[Stored dataset items]
◇ ◇ ◇ ◇ ◇

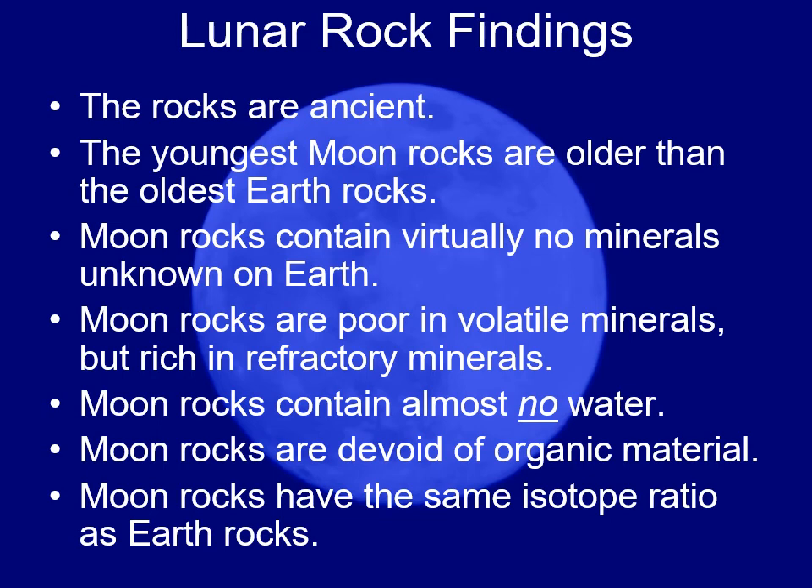The moon has no life — the moon had no life. All the biocontainment and isolation protocols and quarantine procedures taken for the first couple of missions turned out to be unnecessary because the moon did not have any organisms living on it.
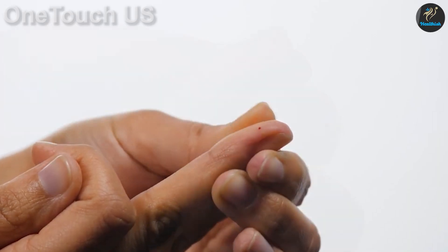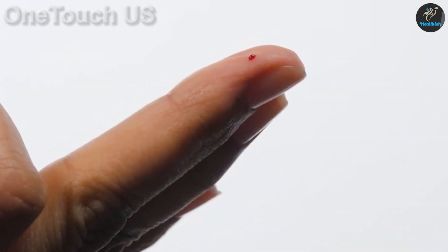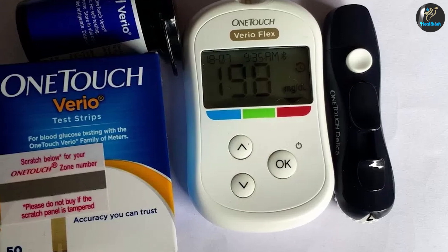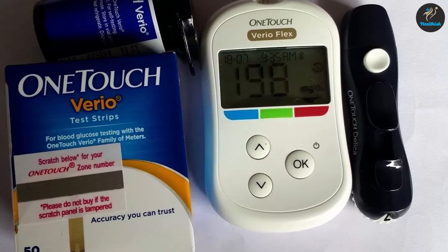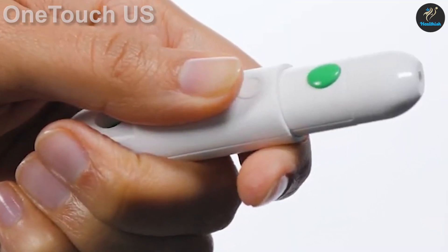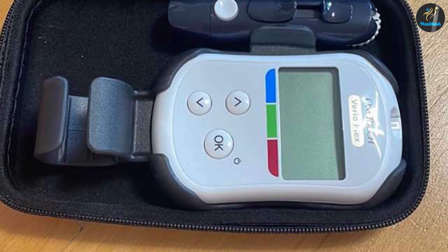The One Touch Vireo Flex is simply designed for a minimal look — mainly screen with a small three-button control system. What's really appealing is the color-coded results, which lets you get an at-a-glance reading even if you're not seeing clearly at the time. You still get your exact number, but this is just a nice addition. If this isn't enough, you should consider the Prodigy Voice, which actually reads out your results to you.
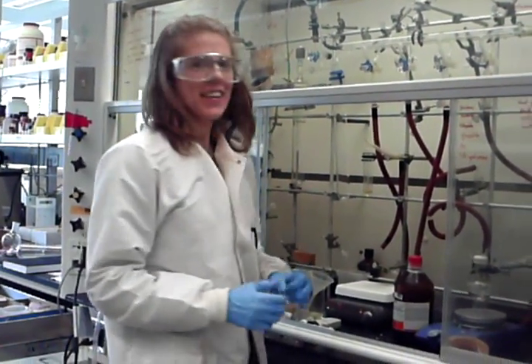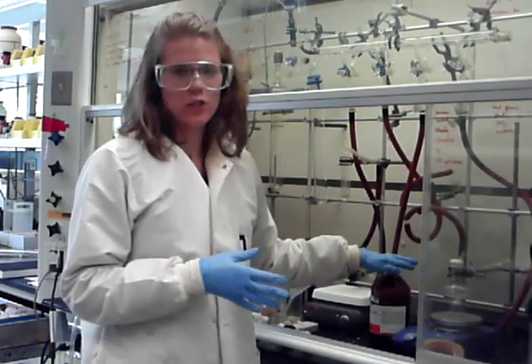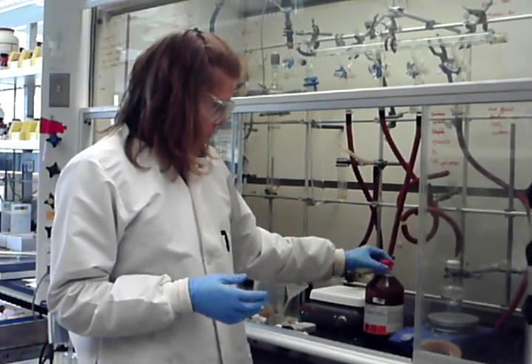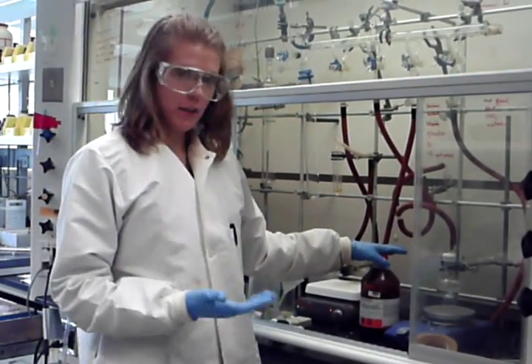Hi, everyone. Today we're going to go over getting air-sensitive reagents out of a Sure-Seal bottle. I'm going to do an example with aluminate and it also works for other aluminate species.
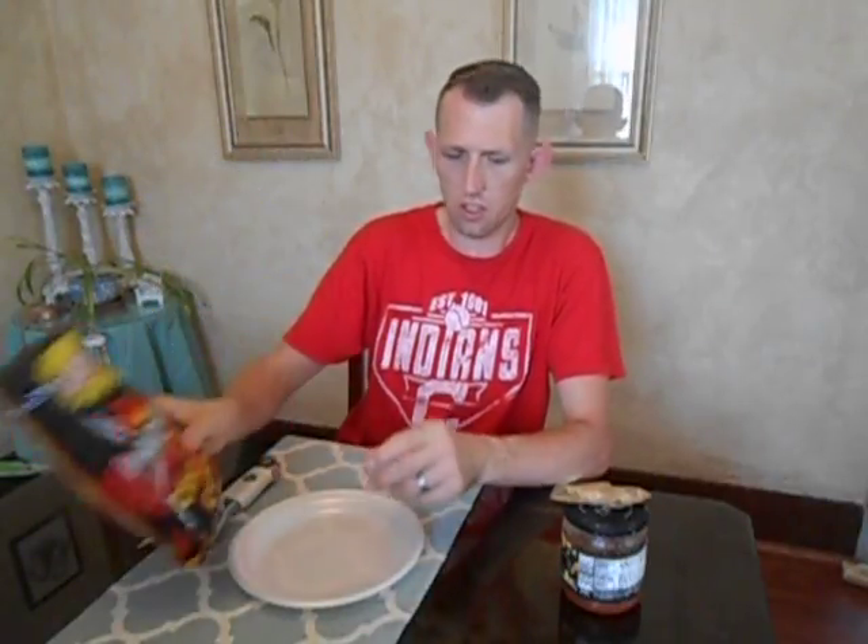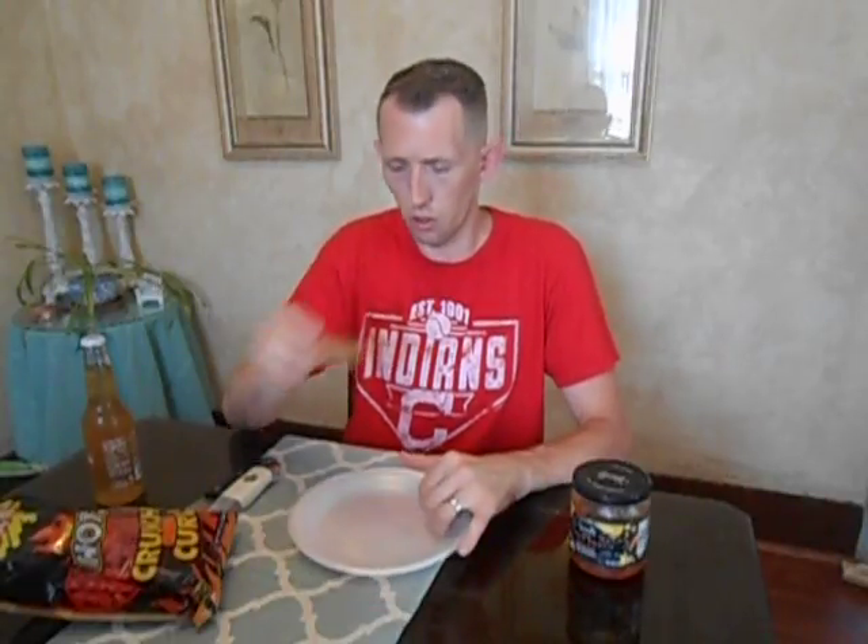Welcome to the Soda Pop Review. My name is Roger Grimes and today we're going to try out Brems Snack Foods Hot Crunchy Cheese Curls with the Mango Peach Salsa, and I'm going to eat a ginger root. Here's the soda pop of the day — WBC Spicy Ginger Craft Sodas.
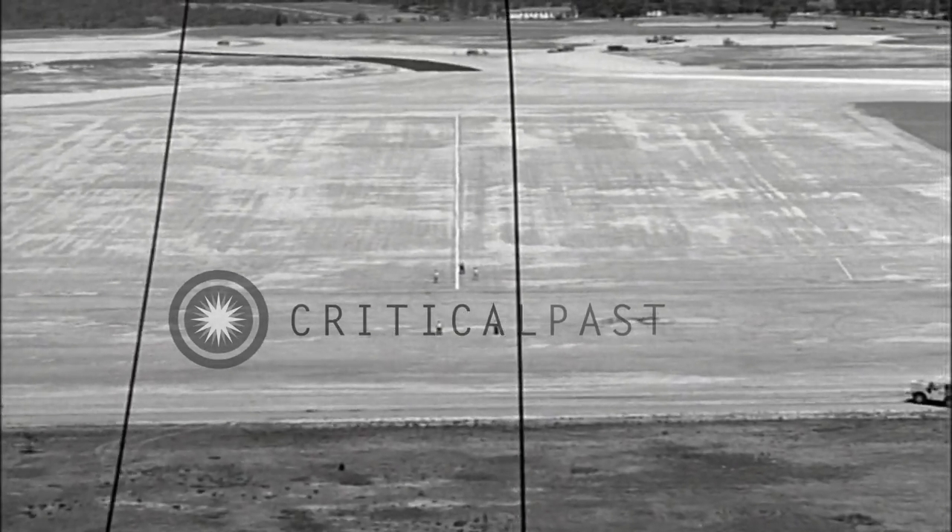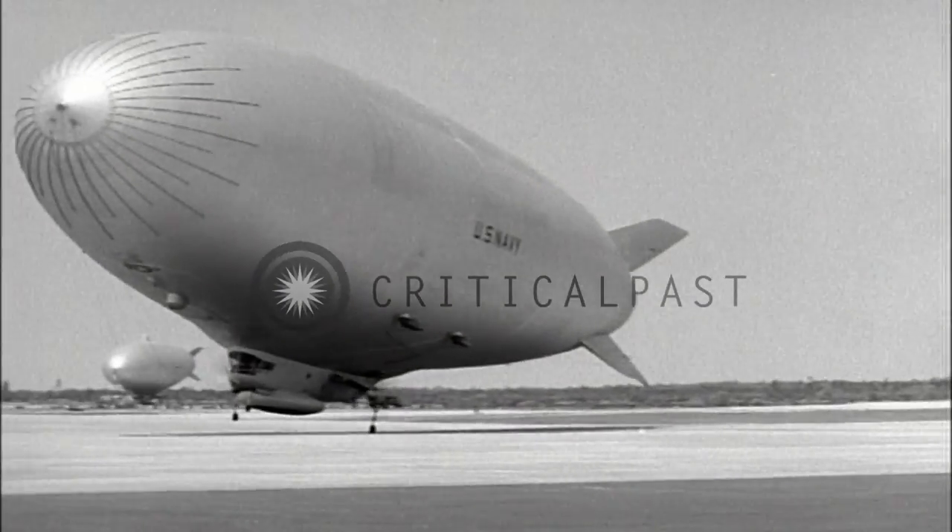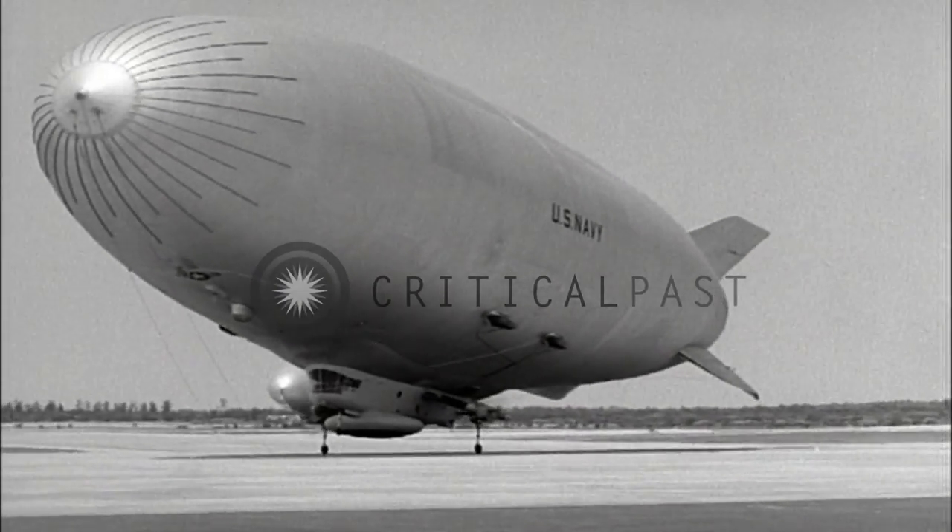The ground handling officer estimates the speed, attitude, static condition, and the effect of weather conditions on the airship during the approach.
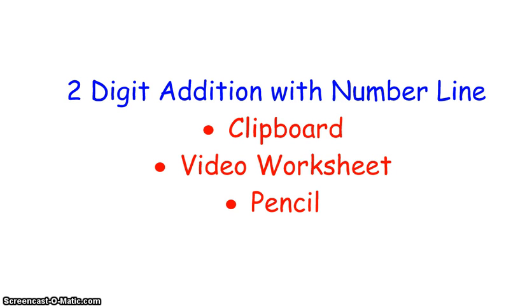Hello, first grade friends. Are you ready for another lesson? Today, our lesson will be two-digit addition with a number line. Make sure you have your clipboard, your video worksheet, and a pencil. And let's begin.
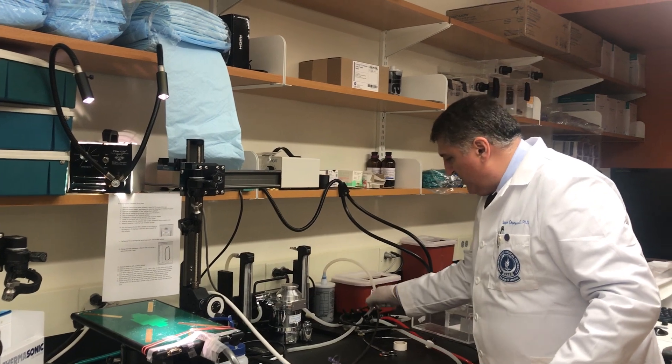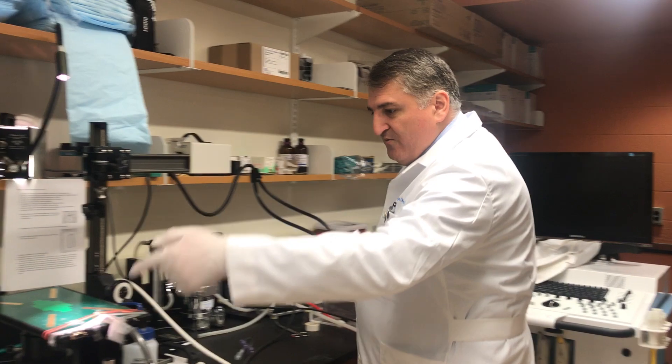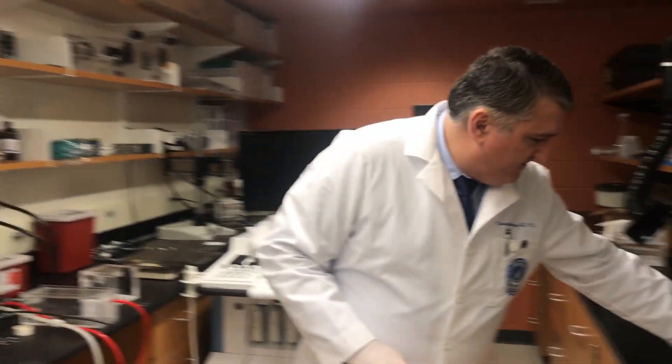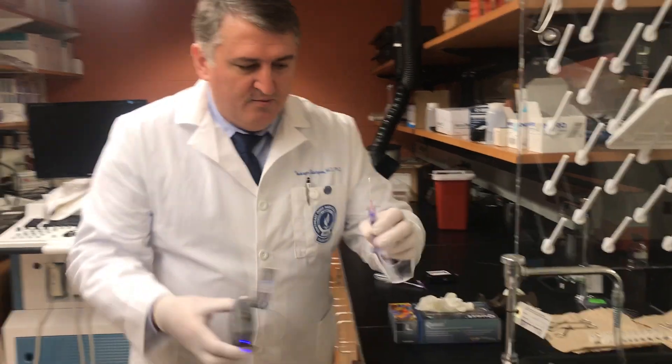This is just a simple and common system for isoflurane to knock down the animal in this box, and then move here, and then using the fiber system, and then we will intubate.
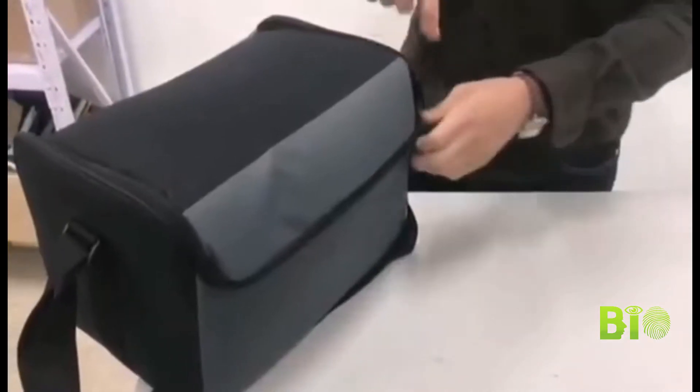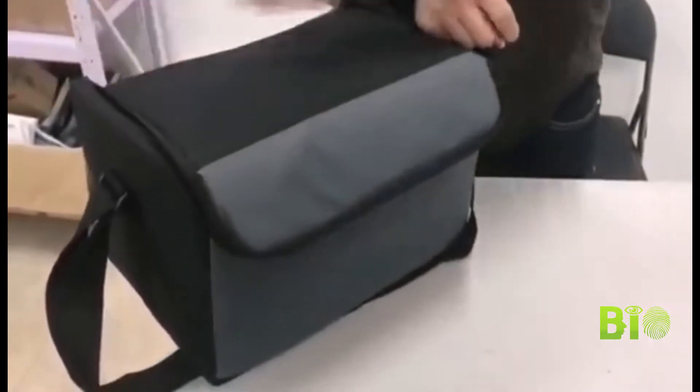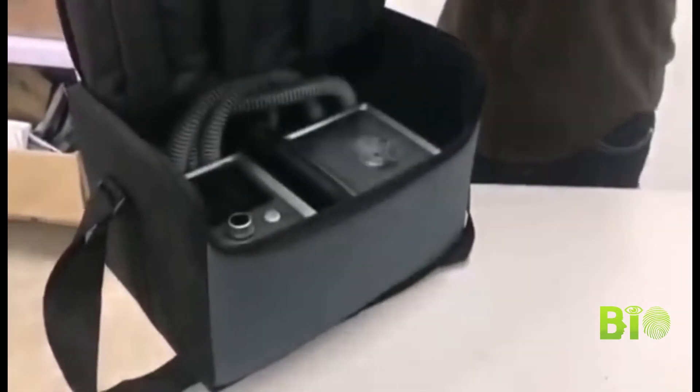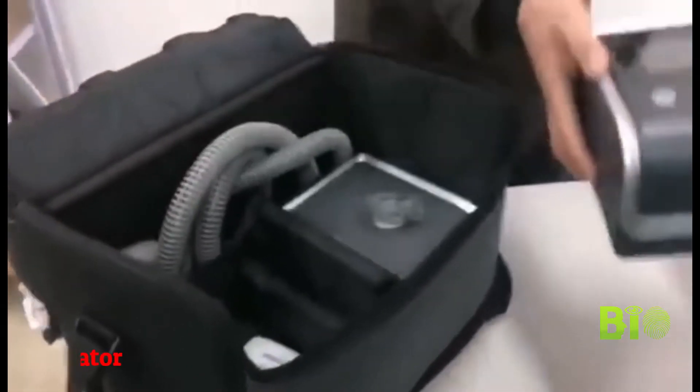Hi there. This is our RISMAR G2 bi-level device. The model is Y30T. It's a sample device, it's not a brand new device — just using it to give you a short introduction.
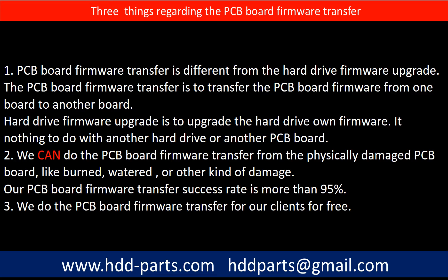Regarding the hard drive PCB board firmware transfer, we have three things to mention. First, PCB board firmware transfer is different from a hard drive firmware upgrade. The PCB board firmware transfer moves firmware from one board to another board, whereas a hard drive firmware upgrade updates the hard drive's own firmware and has nothing to do with another board. Second, we can do the PCB board firmware transfer even from a physically damaged PCB board — like burned, watered, or other kinds of damage — and our success rate is more than 95%. Third, we do the PCB board firmware transfer for our clients for free.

◇ ◇ ◇ ◇ ◇

--- Your assignment ---
Only the line with "Hi there. This" and those preceding it, back to the first line of the entries, should be repeated exactly, without pictures.

--- Output of the task ---
The moon has no life — the moon had no life. All the biocontainment and isolation protocols and quarantine procedures taken for the first couple of missions turned out to be unnecessary because the moon did not have any organisms living on it.
The One Touch Vireo Flex is simply designed for a minimal look — mainly screen with a small three-button control system. What's really appealing is the color-coded results, which lets you get an at-a-glance reading even if you're not seeing clearly at the time. You still get your exact number, but this is just a nice addition. If this isn't enough, you should consider the Prodigy Voice, which actually reads out your results to you.
Hi, everyone. Today we're going to go over getting air-sensitive reagents out of a Sure-Seal bottle. I'm going to do an example with aluminate and it also works for other aluminate species.
Welcome to the Soda Pop Review. My name is Roger Grimes and today we're going to try out Brems Snack Foods Hot Crunchy Cheese Curls with the Mango Peach Salsa, and I'm going to eat a ginger root. Here's the soda pop of the day — WBC Spicy Ginger Craft Sodas.
The ground handling officer estimates the speed, attitude, static condition, and the effect of weather conditions on the airship during the approach.
Hello, first grade friends. Are you ready for another lesson? Today, our lesson will be two-digit addition with a number line. Make sure you have your clipboard, your video worksheet, and a pencil. And let's begin.
This is just a simple and common system for isoflurane to knock down the animal in this box, and then move here, and then using the fiber system, and then we will intubate.
Hi there. This is our RISMAR G2 bi-level device. The model is Y30T. It's a sample device, it's not a brand new device — just using it to give you a short introduction.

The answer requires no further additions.